» **Dataset section**:
___

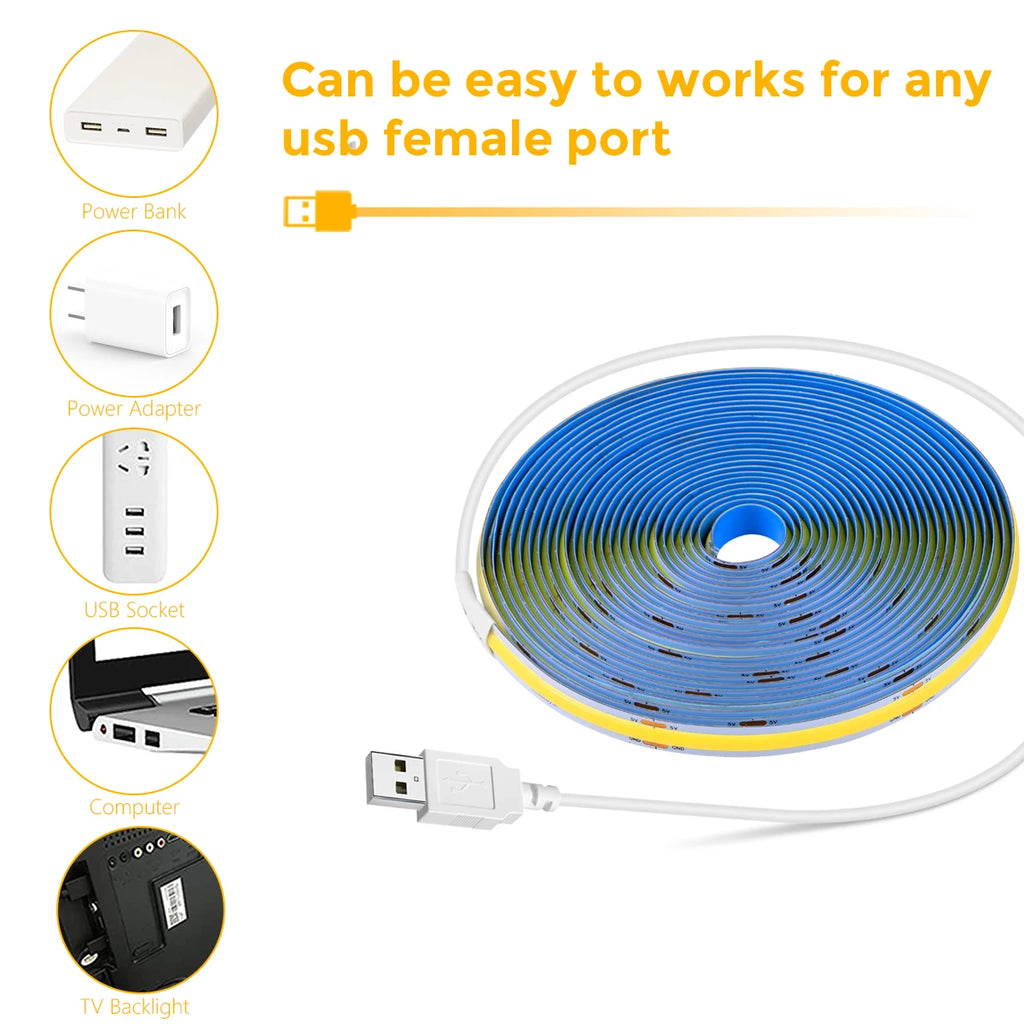 USB LED Under-Cabinet COB Light Strip with Hand-Wave Sensor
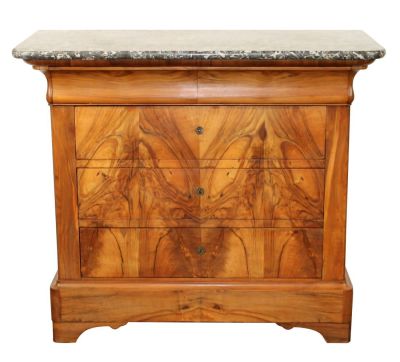 French Louis Philippe walnut commode with marble top. 19th century. 37"h x 43 1/2"w x 20 1/2"d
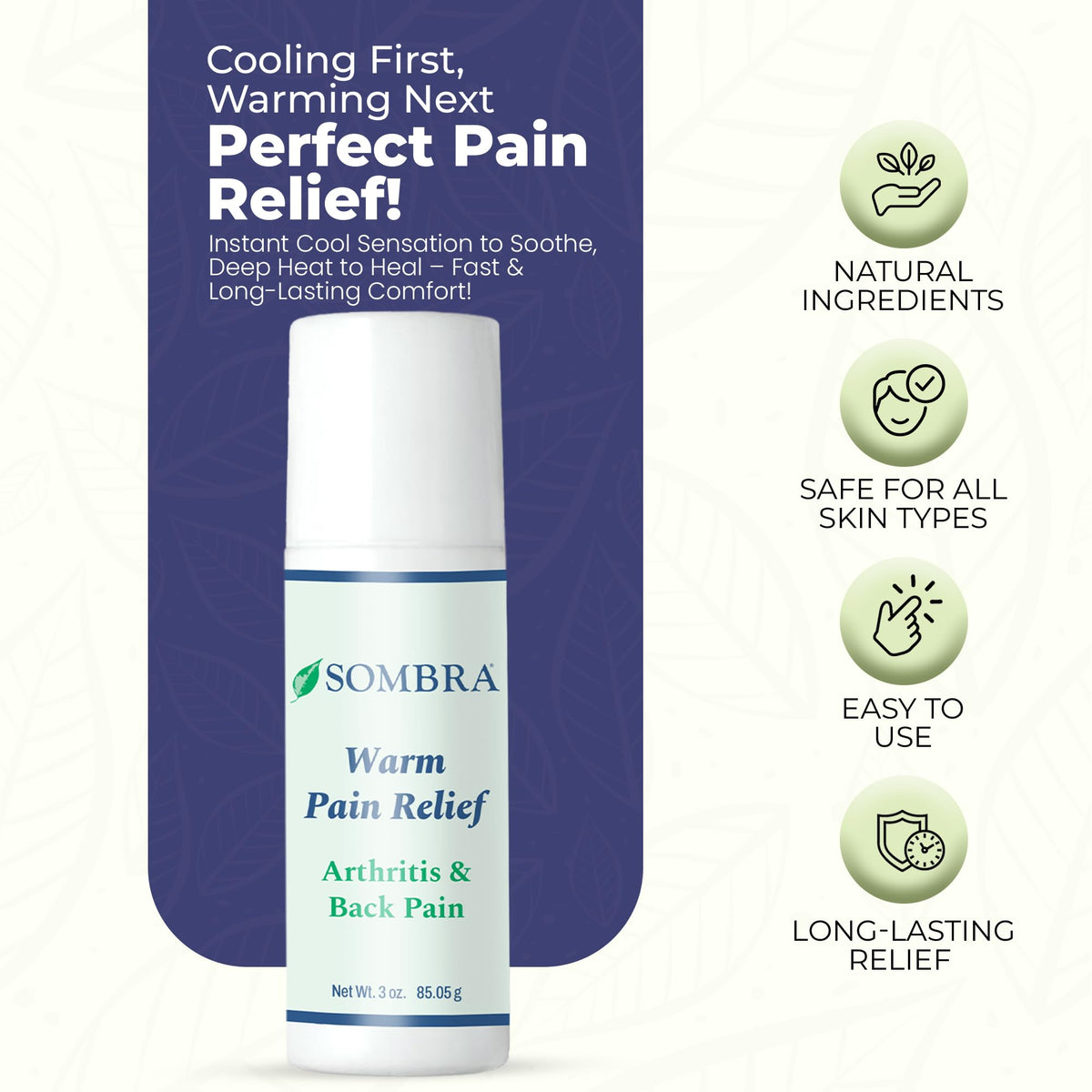 Sombra Warm Pain Relief Gel, Warm Relief for Arthritis and Chronic Pain Pre-Workout Muscle Rub Vegan Formula Free of Artificial Fragrances, Dyes, NSAIDs, Wax, Petroleum, Alcohol - 3oz Roll-On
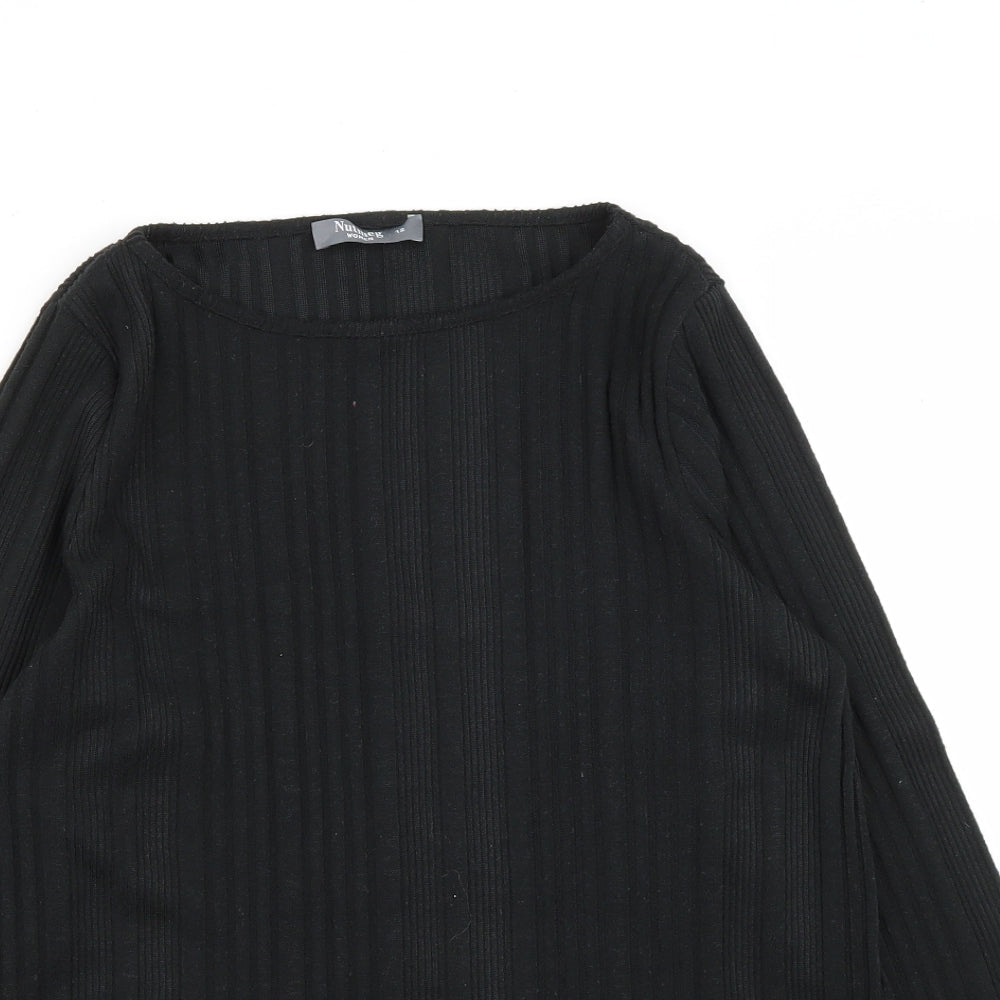 Nutmeg Womens Black Round Neck  Polyester Pullover Jumper Size 12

___

» **What is expected**: Return the material exactly as written, except for any pictures it holds.

» **Output below**:
 USB LED Under-Cabinet COB Light Strip with Hand-Wave Sensor
 French Louis Philippe walnut commode with marble top. 19th century. 37"h x 43 1/2"w x 20 1/2"d
 Sombra Warm Pain Relief Gel, Warm Relief for Arthritis and Chronic Pain Pre-Workout Muscle Rub Vegan Formula Free of Artificial Fragrances, Dyes, NSAIDs, Wax, Petroleum, Alcohol - 3oz Roll-On
 Nutmeg Womens Black Round Neck  Polyester Pullover Jumper Size 12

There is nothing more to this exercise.